Requirement: As the answer, give exactly the lines of the records below from the one with "Het platte dakleer" through the one with "Rumah Posisi Hook", ends included and pictures left out.

Material supplied:
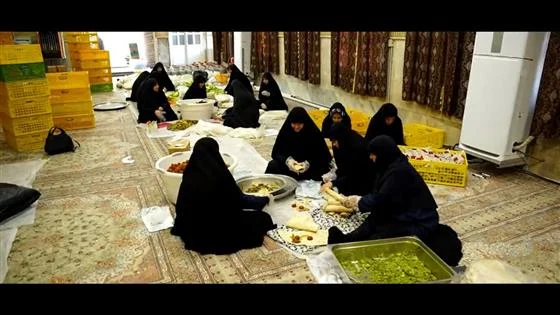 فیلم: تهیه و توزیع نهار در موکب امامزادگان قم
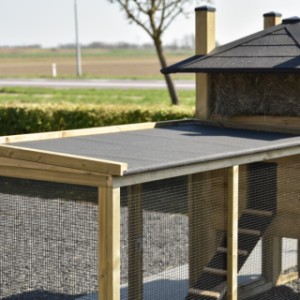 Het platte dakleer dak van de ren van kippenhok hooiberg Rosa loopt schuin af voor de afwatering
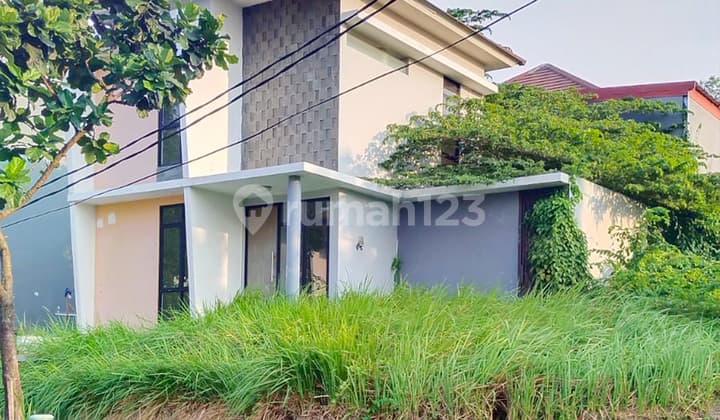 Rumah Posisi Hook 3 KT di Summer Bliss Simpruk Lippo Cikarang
* * *
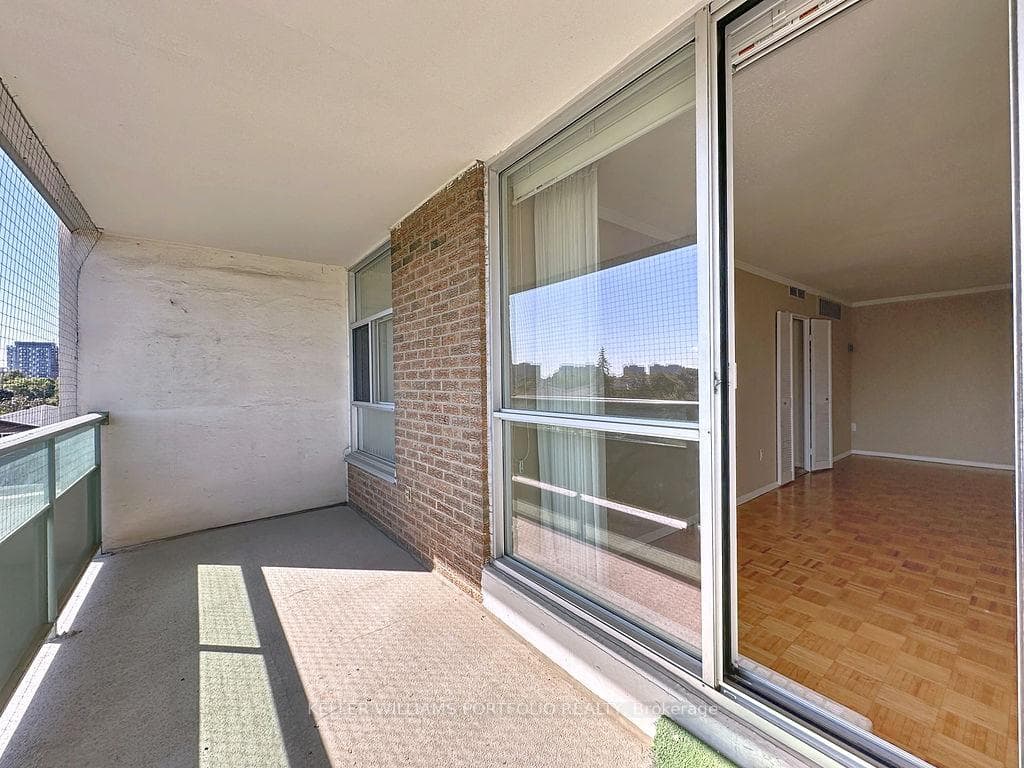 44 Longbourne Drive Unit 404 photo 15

Result of the task:
 Het platte dakleer dak van de ren van kippenhok hooiberg Rosa loopt schuin af voor de afwatering
 Rumah Posisi Hook 3 KT di Summer Bliss Simpruk Lippo Cikarang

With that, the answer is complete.